Domestic Lamb

Livestock saleyards survive latest COVID-19 restrictions

Sheep Central, March 25, 2020

The smaller crowd at the Ouyen sale last week was indicative of coronavirus restrictions at many centres.

SALEYARD selling of livestock in Australia is set to continue despite a further tightening of coronavirus COVID-19 restrictions on business and the public nationwide.

In announcing a suite of further restrictions Prime Minister Scott Morrison said decisions on outdoor and indoor markets would be made by Australia’s state governments and territories.

Sheep Central has confirmed that livestock saleyard sales will be able to continue in Victoria, Ne3w South Wales and South Australia, although some centres have cancelled scheduled store cattle sales.

“Outdoor and indoor markets, excluding food markets like Flemington and things like that, because they are essential to ensuring the food supply right across the country, they will be addressed specifically by states and territories in each of their jurisdictions,” Mr Morrison said.

“States and territories have very different arrangements in terms of the types of markets that they have and they will be making those decisions specific to their states and territories.

“But the point and the principle is very clear; large gatherings brought together by particular organised events are things that we are seeking to avoid,” he said.

“And that is the principle the states and territories will be seeking to follow.”
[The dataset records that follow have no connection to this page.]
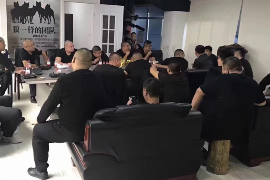 浮梁浮梁专业催债公司，专业催收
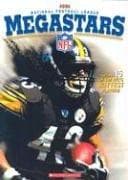 Tapa de Megastars 2006 (Nfl)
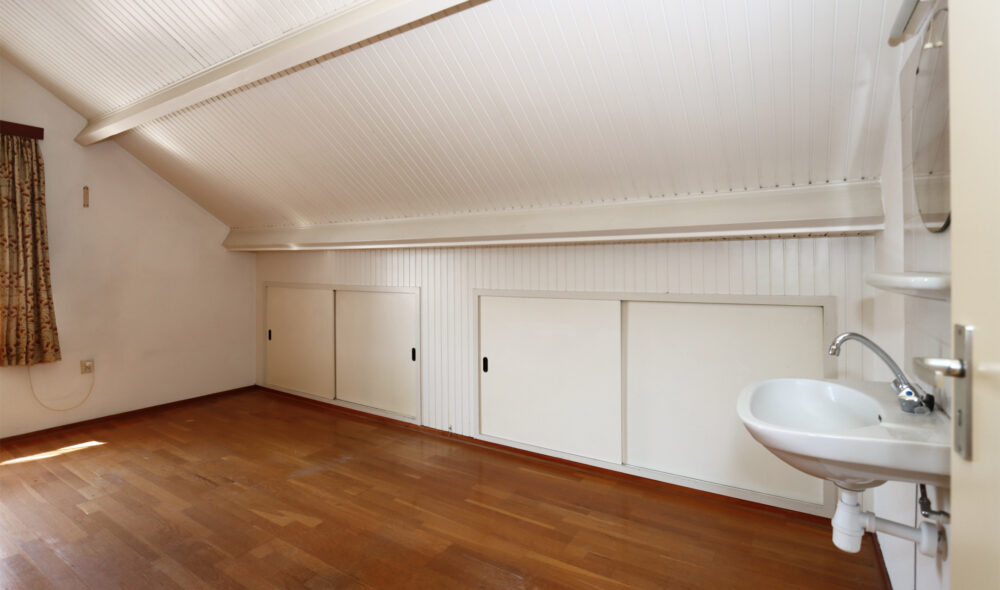 Woning op van Stiphoutstraat 1 in Groesbeek, 6561 EX van HV Makelaardij
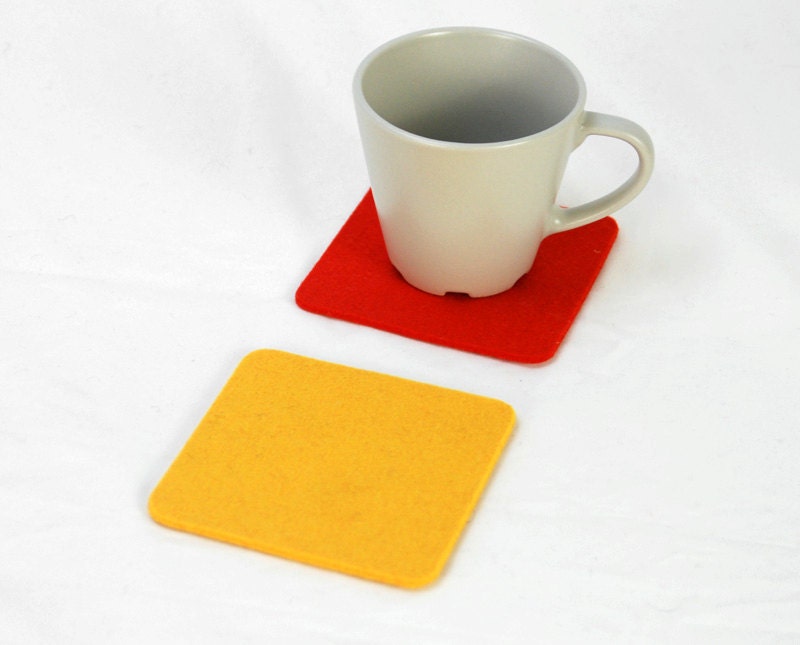 Popular items for place mat placemat on Etsy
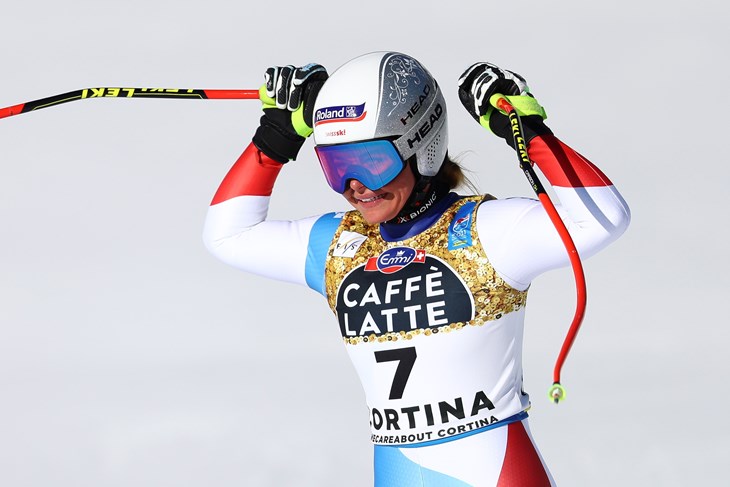 (Hina/EPA)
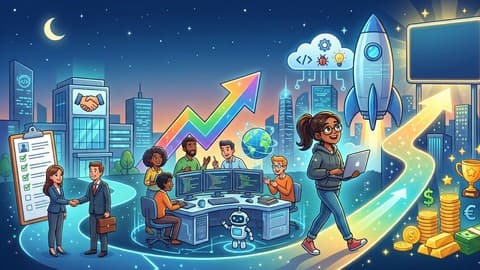 Software Engineering Careers: Jobs, Salaries & Hiring Proces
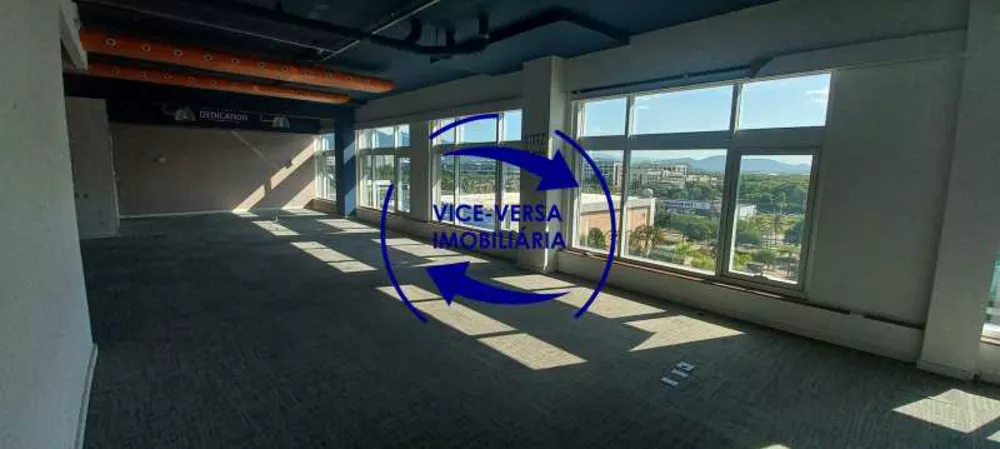 Sala-Conjunto, 200 m² - Foto 25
A spokesman for New South Wales Minister for Agriculture Adam Marshall said primary industry production and related businesses, including livestock sales, and the entire food supply chain are not impacted by new COVID-19 restrictions.

“These businesses can continue to operate on a ‘business as usual’ basis, though should adhere to social distancing measures,” he said.

Sheep Central obtained similar advice from a spokesman for South Australia’s Minister for Primary Industries and Regional Development Tim Whetstone.

In a Twitter post today, Victoria’s Minister for Agriculture Jaclyn Symes said farming and food production are not included in the further restrictions agreed by the National Cabinet last night.

“The agricultural supply chain is essential to maintaining access to the quality, fresh groceries Victorians are depending on during these uncertain times,” she said.

Several saleyard operators have restricted attendance of saleyards to agents, buyers, transport and yard management staff, and promoted personal hygiene and personal distancing to limit the coronavirus risk. Some saleyards are also offering remote viewing services

Australian Livestock Saleyards Association president Stuart McLean said the sector was looking for more clarification on the continued operation of saleyard sales and the interstate transport of livestock.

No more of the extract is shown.